>>>>

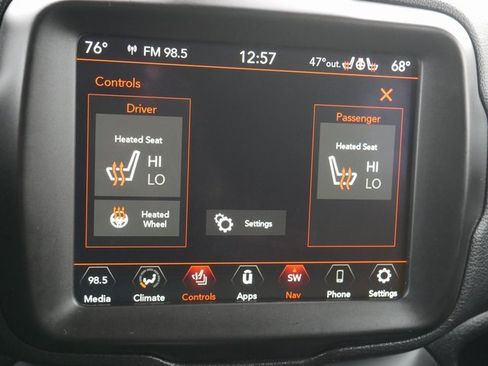 Used 2022 Jeep Renegade Trailhawk w/ Trailer Tow Group image 19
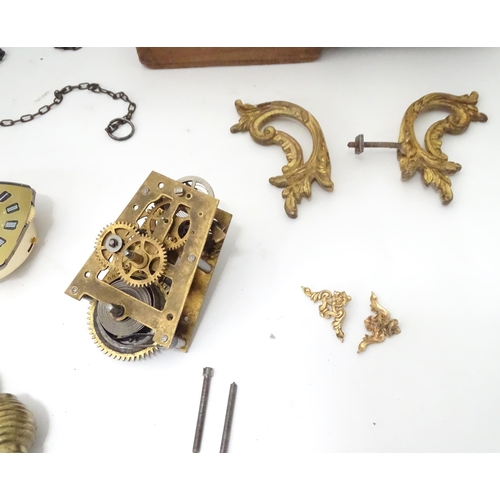 389 - A quantity of assorted clocks and clock parts etc. to include mantle clocks, etc. Largest approx. 13... 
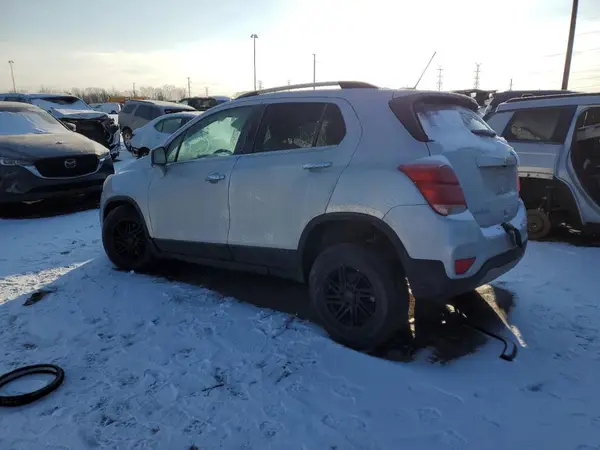 KL7CJPSB0JB593010 2018 CHEVROLET TRAX - Image 2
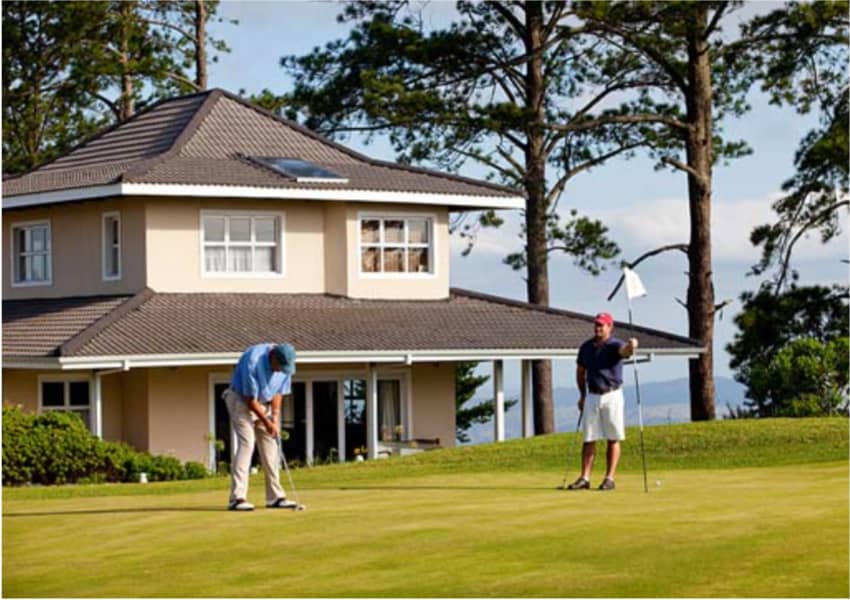 Eshowe Hills Golf Estate: 2 Ball for just R419! 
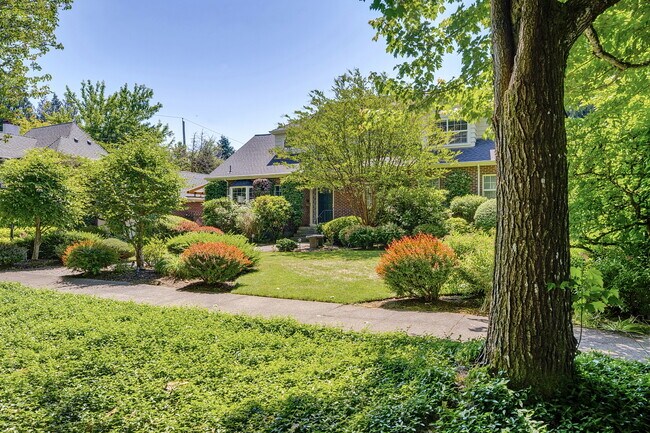 Building Photo - 616 SE Andover Pl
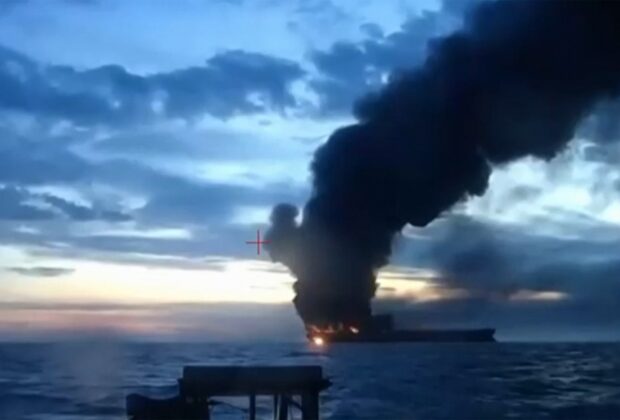 Un petrolier avariat de dronele ucrainene a fost scos din apele teritoriale ale Bulgariei de un vas din Turcia. „Nu este normal”, acuză Sofia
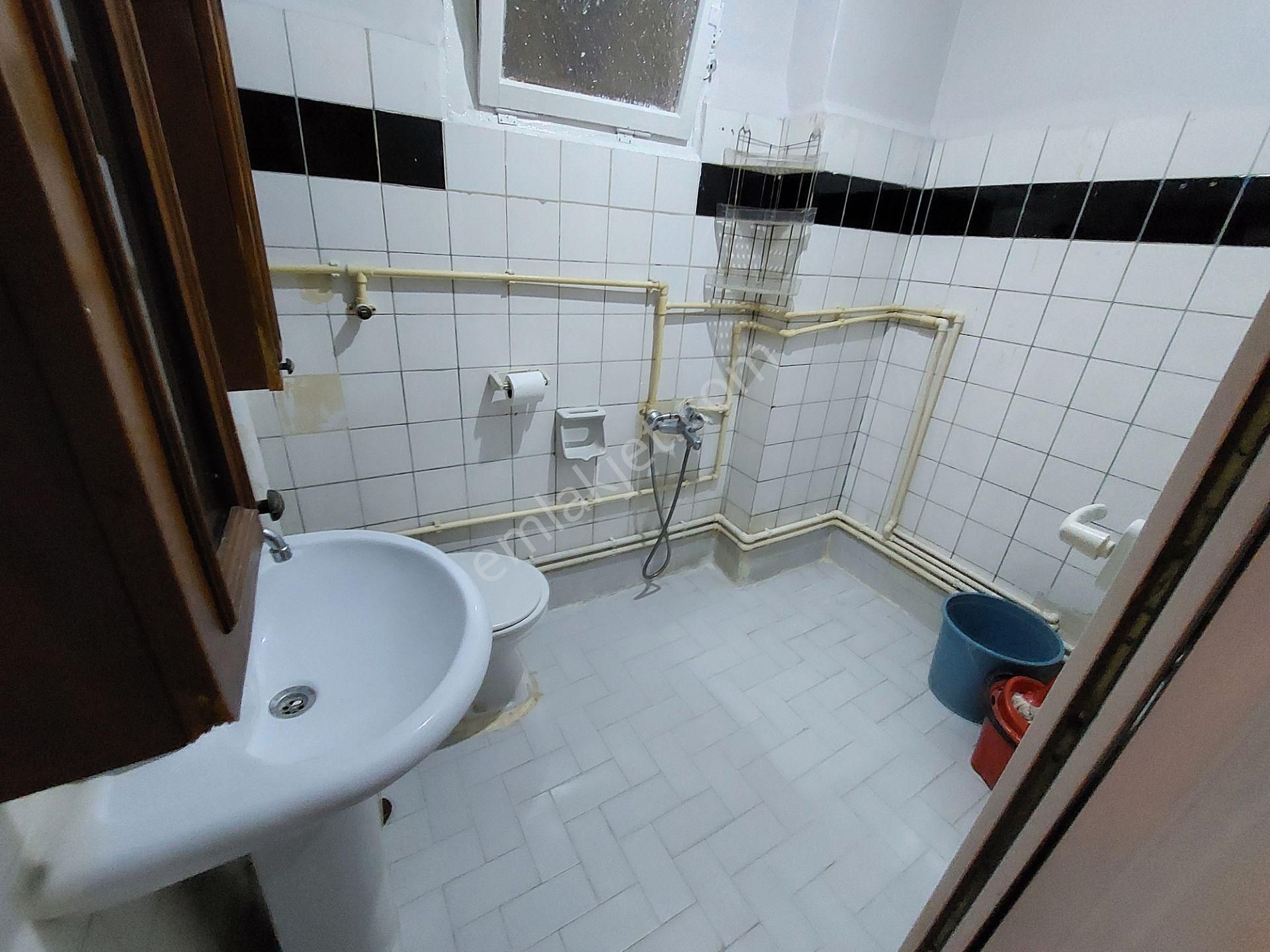 Deva Dan Z.kamil Hast. Ve Çevik Kuvvete Yakın Eşyalı Balkonlu - Görsel 11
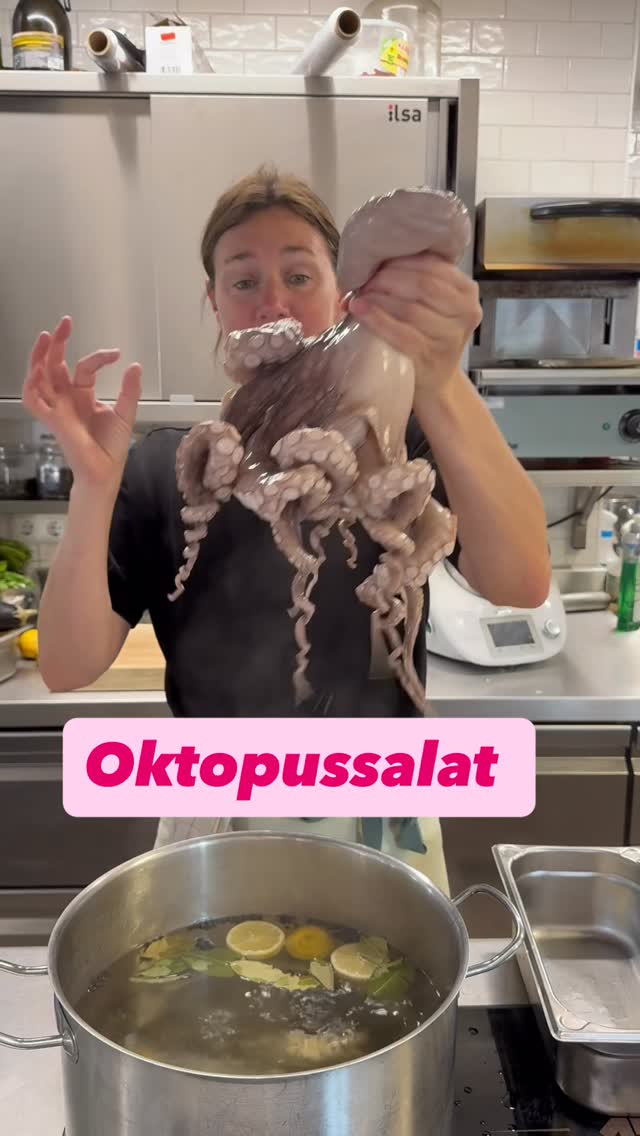 Oktopussalat!!!Ganz einfach und perfekt im Sommer!!!Mit viel Gemüse und Kräutern!!!#octopus #vroni #foodlover #instayum by @_vroni_lutz_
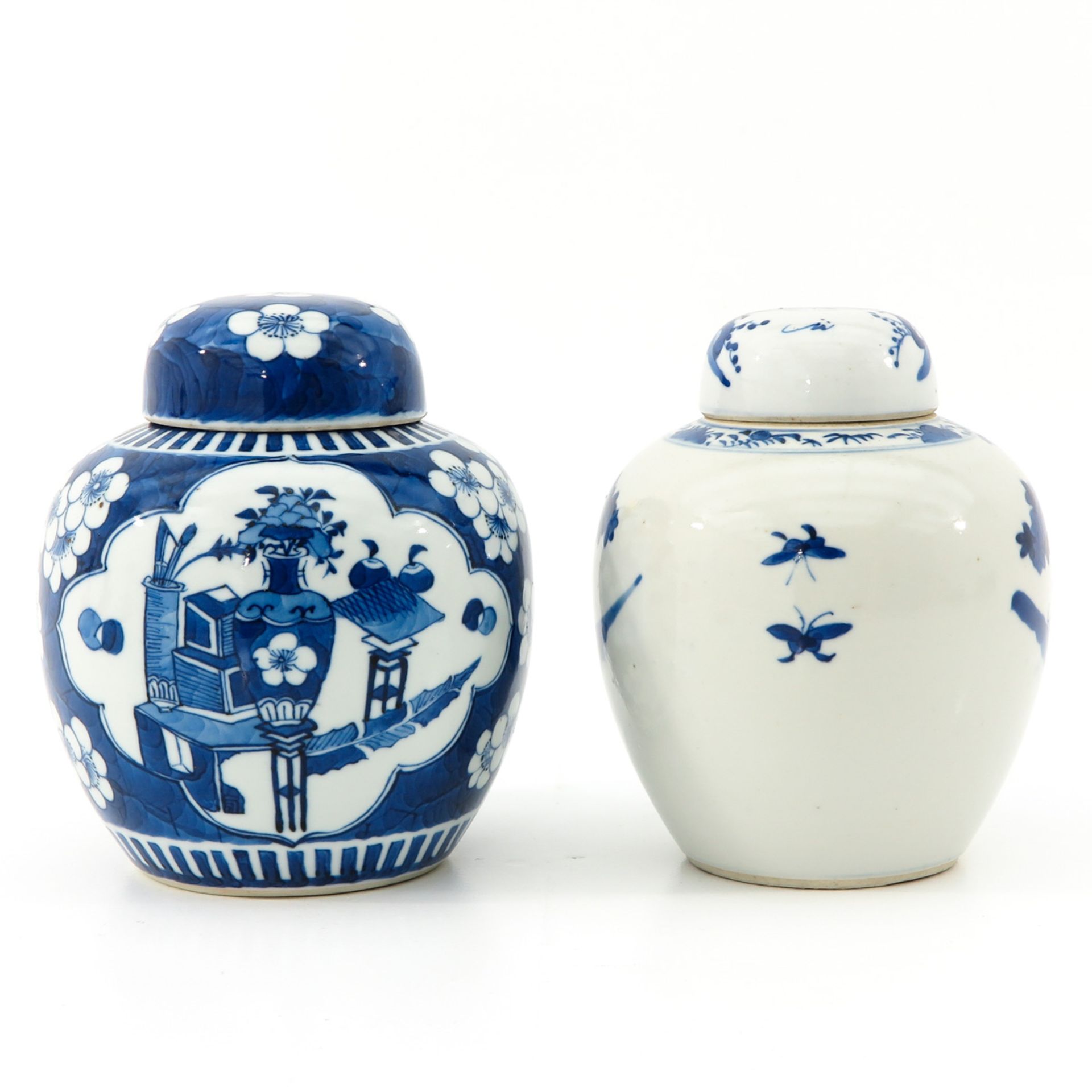 A Lot of 2 Blue and White Ginger Jars - Image 3 of 10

<<<<

- Instructions for the task
An exact copy of the material above is required, free of any pictures.

- Solution for this exercise
 Used 2022 Jeep Renegade Trailhawk w/ Trailer Tow Group image 19
 389 - A quantity of assorted clocks and clock parts etc. to include mantle clocks, etc. Largest approx. 13... 
 KL7CJPSB0JB593010 2018 CHEVROLET TRAX - Image 2
 Eshowe Hills Golf Estate: 2 Ball for just R419! 
 Building Photo - 616 SE Andover Pl
 Un petrolier avariat de dronele ucrainene a fost scos din apele teritoriale ale Bulgariei de un vas din Turcia. „Nu este normal”, acuză Sofia
 Deva Dan Z.kamil Hast. Ve Çevik Kuvvete Yakın Eşyalı Balkonlu - Görsel 11
 Oktopussalat!!!Ganz einfach und perfekt im Sommer!!!Mit viel Gemüse und Kräutern!!!#octopus #vroni #foodlover #instayum by @_vroni_lutz_
 A Lot of 2 Blue and White Ginger Jars - Image 3 of 10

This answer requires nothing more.